Expected Value of a Continuous Random Variable

Introduction:

 The expected value is a measure of central location. For example of expected value continuous, your final grade in. this course will be the expected value of your performance in different tasks (quizes, exams, projects,...). The expected return of a lottery is equal to the average gain of that lottery. The expected value of a continuous random variable Y having probability density function f(y) is

               E(Y) = `int``y f(y)`dy

            For continuous random variables, the probability of an individual outcome in R(Y) is not defined, and R(Y) is uncountably infinite.

Expected Value of a Continuous Random Variable:

          The expected value continuous of a random variable Y, is denoted by E(Y) and may be interpreted as the long-term average value of Y. In the case of a discrete random variable, taking values y1, y2, y3...

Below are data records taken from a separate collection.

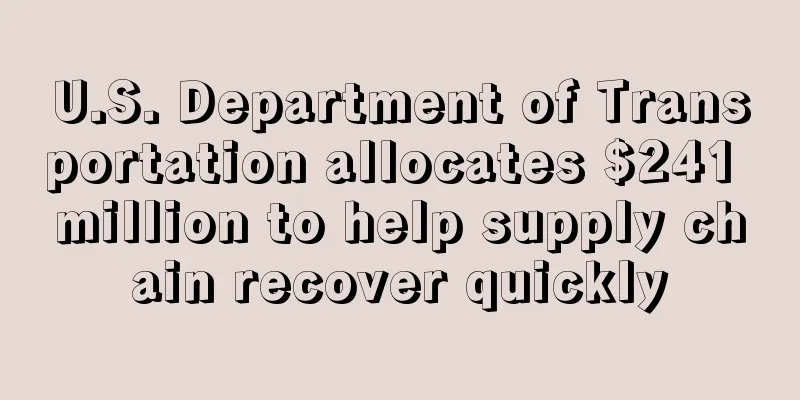 U.S. Department of Transportation allocates $241 million to help supply chain recover quickly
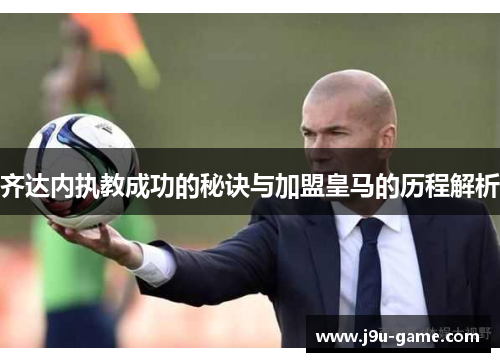 齐达内执教成功的秘诀与加盟皇马的历程解析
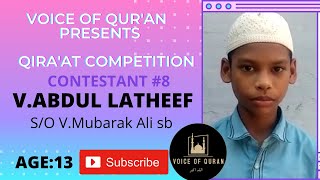 #8 V.Abdul Latheef | Qirat competition #voiceofquran #quranrecitation #kidsquranrecitation screenshot 4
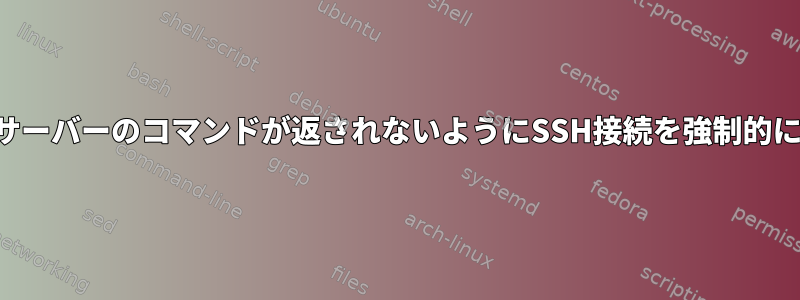 ターゲットサーバーのコマンドが返されないようにSSH接続を強制的に閉じる方法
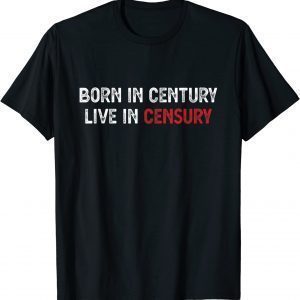 Born In Century Live In Censury Human Right Free Speech 2022 Shirt
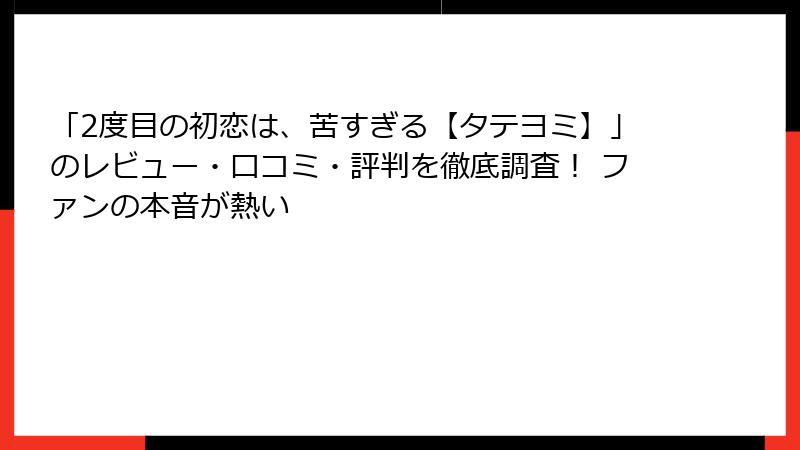 「2度目の初恋は、苦すぎる【タテヨミ】」のレビュー・口コミ・評判を徹底調査！ ファンの本音が熱い
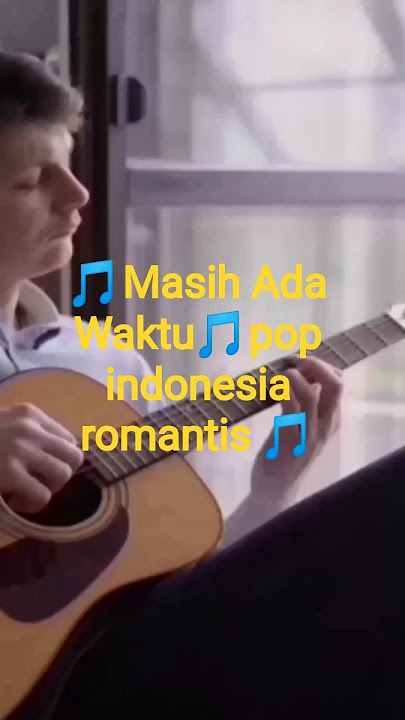 🎵Masih Ada Waktu🎵pop indonesia romantis 🎵
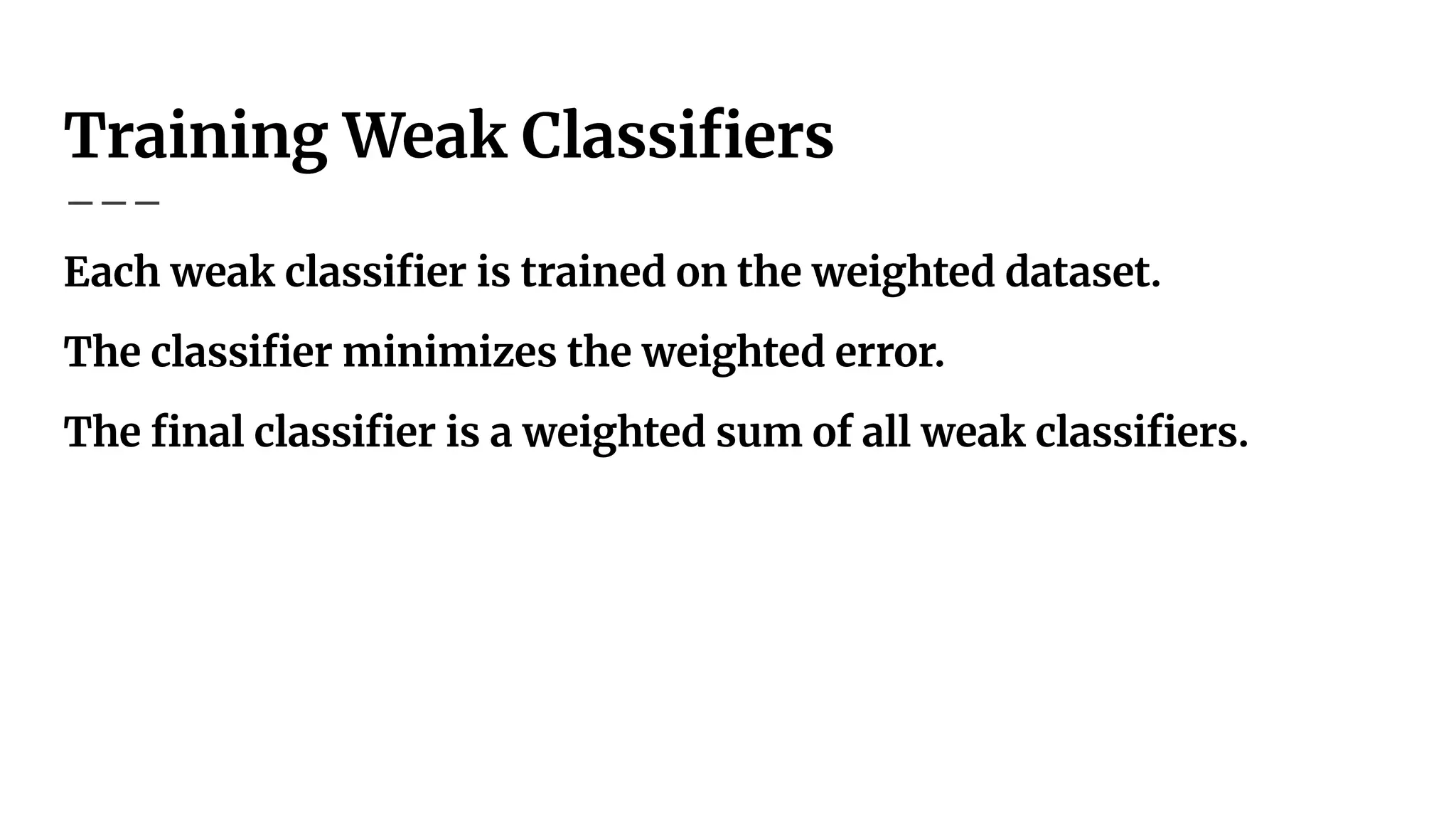Training Weak Classiﬁers
Each weak classiﬁer is trained on the weighted dataset.
The classiﬁer minimizes the weighted error.
The ﬁnal classiﬁer is a weighted sum of all weak classiﬁers.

                E(Y) = EYj P(Y=yj)

          The random variable's expected value is average or central value. Here Y is defined as a random variable. If Y is a continuous random variable with probability density function f(y), then the expected value of Y is defined by:

                 µ = E(X)= x f(x) dx

           The expected value continuous or mean of a continuous random variable Y, denoted E(Y) (or, alternatively, µy), is the long run average of the values taken on by the random variable. For some random variables, E (│Y│) = ∞; and we say that the expected value does not exist.

Monday, June 14, 2010

About Conditional Probability

Introduction

     Suppose the two events are not independent, that is the occurrence of one depends on the occurrence of other, then how do we compute This can be explained by conditional probability. Joint probability is the probability of two events in conjunction. That is, it is the probability of both events together. The joint probability of A and B is written \scriptstyle P(A \cap B), P(AB) or \scriptstyle P(A, B)
     Baye's theorem is named after the British mathematician Thomas Bayes who published it in a research paper in 1763. It gives one of the important applications of the conditional probabilities by using the additional information supplied by the experiment or the past records. The updated conditional probability of A, given I and the outcome of the event B, is known as the posterior probabilityP(A|B,I).

Conditional Probability

     Let A and B be any two events associated with a random experiment. The probability of occurrence of event A when the event B has already occurred is called the conditional probability of A when B is given and is denoted as P(A/B).